A brief explanation of the growing field of investment arbitration and its significance for Singapore practitioners.

Investment arbitration is a species of arbitration that involves disputes arising from foreign investments made usually by a multinational corporation in a state other than its home state. In Asia, as well as in other developing countries, such contracts are made largely with the host state or the entities of the host state as much of the different sectors of production in these host states are operated through state entities. Unlike in international commercial arbitration, the contracts that are made have a public law feature. The disputes that arise also usually have a public law feature as the contracts are ended through the use of the state's legislative or administrative powers.

Examples of such disputes in recent times are becoming of significance to the practice of law in Singapore. There are many reasons why this is so. One is the emergence of Singapore as an arbitration centre. Increasingly, high end arbitration of this type will come to be located in Singapore for reasons of convenience. Many firms, both local and off-shore, with the capacity to handle such arbitration are located here. Singapore's traditional importance as a centre from which foreign investment, both of Singapore entities as well as multinational corporations located in Singapore, moves outwards through the region from Singapore will ensure that work in the subject of foreign investment and related areas will increase. The National University of Singapore Law School, anticipating this fact, has taught courses in these areas for the last two decades.

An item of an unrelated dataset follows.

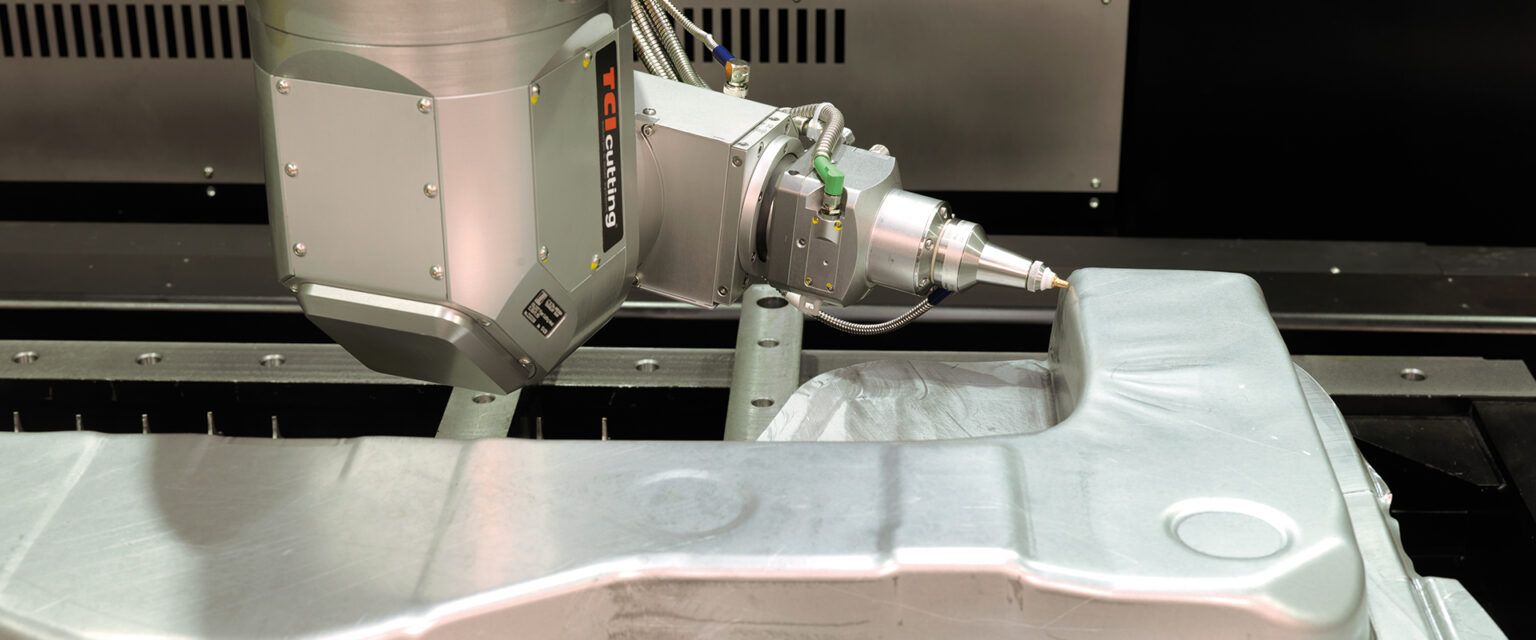 Spaceline Fiber - machine de découpe laser 3D TCI Cutting - puissance 1 à 3 kW avec tête 5 axes et configurations polyvalentes_4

Some examples of recent foreign investment arbitrations that are linked to Singapore help to demonstrate the nature of the subject. Yaung Chi Oo Ltd v Myanmar, an arbitration decided in Singapore with Singaporean legal counsel on both sides was the first ever case decided under the ASEAN Investment Treaty. The case arose out of the allegation of the Claimant, a Singapore incorporated company, that the beer factory it had run in Myanmar had been expropriated. The tribunal held that it lacked jurisdiction. The award has been widely reported and cited in the literature on the subject because it was decided by a distinguished tribunal and involved many interesting issues of law. (The decision may be viewed online at http://ita.law.uvic.ca/documents/YounghiOocase.pdf).

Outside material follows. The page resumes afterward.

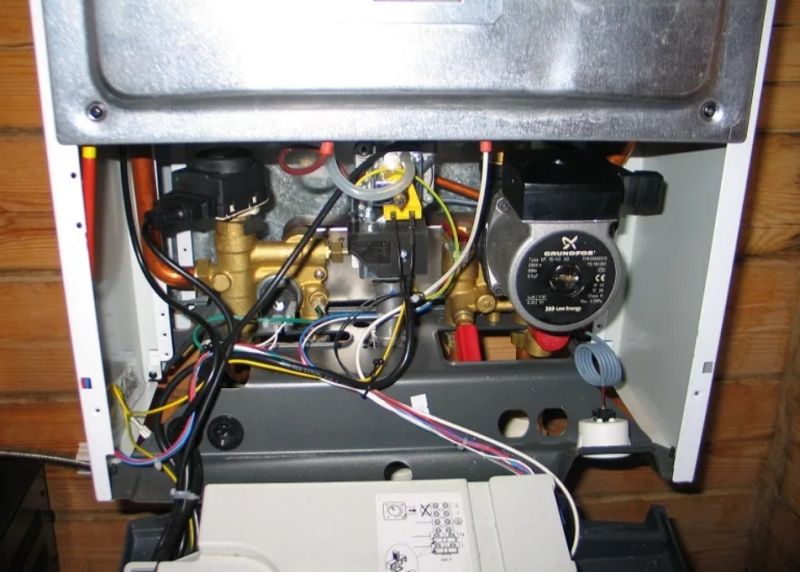 Газовую колонку Baxi ремонтирует газовщик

Another award, the Karaha Bodas Award, has relevance for Singapore as some matters relating to its enforcement reached our courts. The dispute concerned a project to construct an electricity plant in Jakarta which was stopped as a result of a Presidential Decree issued during the economic crisis. The American investor claimed against the Indonesian state entity for breach and a tribunal sitting in Geneva upheld the claim. The issue as to enforcement of the award arose before the courts of the US, Hong Kong and Singapore as assets were held in these jurisdictions by the Indonesian state entity.

These two instances are but some of the recent disputes with which Singapore had connections. There are several others with direct and indirect involvement of Singapore either through arbitrators or through counsel being Singapore-based. As indicated, Singapore involvement with this type of arbitration will increase. There are Singapore-based counsel and arbitrators have been involved in cases which have arisen out of disputes in other regions like the Middle East and Latin America. There are several unreported instances of these disputes as most arbitration cases are generally unreported.

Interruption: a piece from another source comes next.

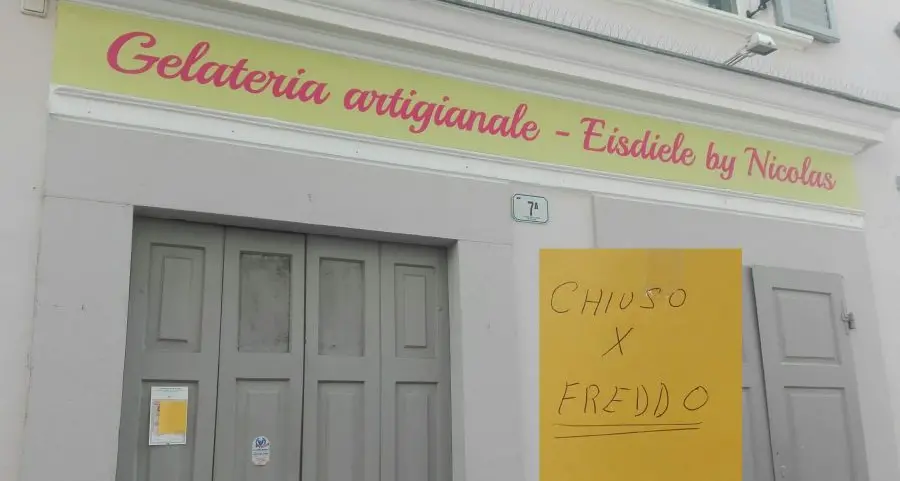 Maltempo, la gelateria chiusa \"per freddo\"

Singapore is a party to many investment treaties which contain dispute settlement provisions which enable unilateral invocation of arbitration by its investors against other host state treaty partners or by foreign investors against it. Notable treaties are free trade agreements which Singapore has made with US and other partners which contain chapters on investment. Singapore has treaties with several developing countries of this region as well as with many
European states.

A short explanation of the main characteristics of the area would be appropriate. At the end of this essay, there is a bibliography which will enable deeper pursuit of the subject.1

What sets investment arbitration apart from other types of commercial arbitration is that it involves on the one hand a private party, usually a multinational corporation as the investor and on the other, a state corporation or the state itself. This is usual in our region as large projects in several sectors like the oil or natural resources industry or large projects such as the construction of airports or highways are handled by state agencies. As a result, the law that applies to the contract would be different as the foreign investment contract is usually a state contract which may have distinct principles applying to it. One problem that often crops up in our region as well as others is the possibility of bribery and its impact on the formation of the state contract. Also, the state contract has to be made in accordance with the rules of the laws that apply to the formation of such contracts. Otherwise, the validity of the contract is suspect. It is a popular defence taken up by respondent state entities that the contract on the basis of which the dispute arose was ultra vires. It is a defence that has succeeded in some cases but it must be approached with caution.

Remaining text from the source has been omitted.